Cameron Highlands

The biggest and best known of Malaysia's hill stations lies on the northwest corner of Pahang, bounded by Perak to the west, and Kelantan to the north. On the jungle-clad 1500m-high plateau the weather is reassuringly British - unpredictable, often wet and decidedly cool - but when the sun blazes out of an azure-blue sky, the Camerons are hard to beat.

Most of the tourist attractions are on and around the plateau, but there are a handful of sights on the road from Tapah. These are listed in order from the bottom of the mountain up. There are three main townships in the Highlands:
Ringlet
,
Tanah Rata
(literally 'flat land') and
Brinchang
. The latter two are in the plateau area, either side of the golf course.

There are a number of worthwhile forest walks/treks in the Camerons. Good walking boots and a water bottle should be taken. It is advisable for women travelling alone only to trek with a guide or with other travellers.
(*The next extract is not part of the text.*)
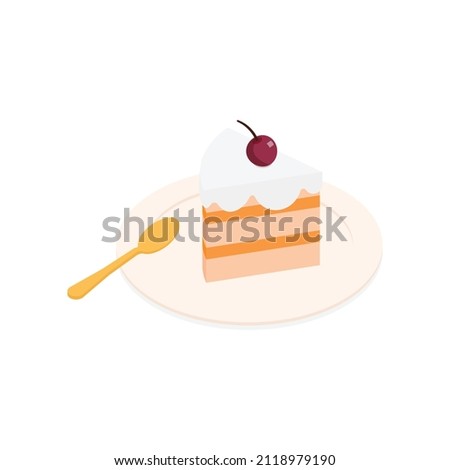 Pice of cake - Isometric vector illustration in flat design.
Unfortunately, the Cameron Highlands is no longer a peaceful bolthole in the sky. Frenetic development is turning the area, in critics' eyes, into a building site where forest is fast making way for golf courses and luxury tourist developments. A new highway now links Ipoh to the Cameron Highlands and runs to Gua Musang for connections to the east coast, promising to bring a wave of development to the area.

Ins and outs

Getting there

There are buses from KL's Puduraya terminal and Georgetown (Penang) direct to the Cameron Highlands and various tour buses make the journey too. There is a direct taxi service from Georgetown. Alternatively, catch a bus to Tapah, the main railway station for the Camerons. There are numerous connections from KL to Tapah, as well from Ipoh, Butterworth, Kuantan, Melaka and Singapore. From Tapah there are local buses to the Highlands. Alternatively, take a train to Tapah Road, Tapah's train station (outside town to the west), a bus or taxi into Tapah town, and a bus from there to the Camerons. There are twice daily rail connections with Tapah Road from KL, Ipoh and Butterworth.

Getting around

Buses from Tapah all pass through Tanah Rata and Brinchang and it is usually possible to climb aboard to travel between these centres. There are also taxis available for hire by the hour or for specific journeys.

Best time to visit

Daytime temperatures in the Cameron Highlands average around 23°C, and in the evening, when it drops to 10°C and the hills are enveloped in swirling cloud (known as 'the white witch'), pine log fires are lit in the hilltop holiday bungalows. The weather has become more unpredictable in the last 50 years - torrential downpours and landslides are no longer confined to the monsoon months of November and December. But the mountain air is still bracing enough to entice thousands of holidaymakers to the Camerons from the steamy plains. Today, coachloads of Singaporeans wind their way up the mountain roads and, together with well-heeled KL businessfolk, fork out extortionate sums for weekends in timeshare apartments and endless rounds of golf.

History

Fifty years elapsed between the discovery of the highland plateau and the arrival of the first settlers. William Cameron, a government surveyor, first claimed to have stumbled across “a fine plateau, shut in by lofty mountains” while on a mapping expedition in 1885. The irony was that Cameron's name was bestowed on a place he never set eyes on. What he probably came across was the smaller plateau area farthest from Tanah Rata, known as Blue Valley. The highland plateau itself was discovered years later by a Malay warrior named Kulop Riau, who accompanied Cameron on his mapping expeditions. Cameron's report engendered much excitement.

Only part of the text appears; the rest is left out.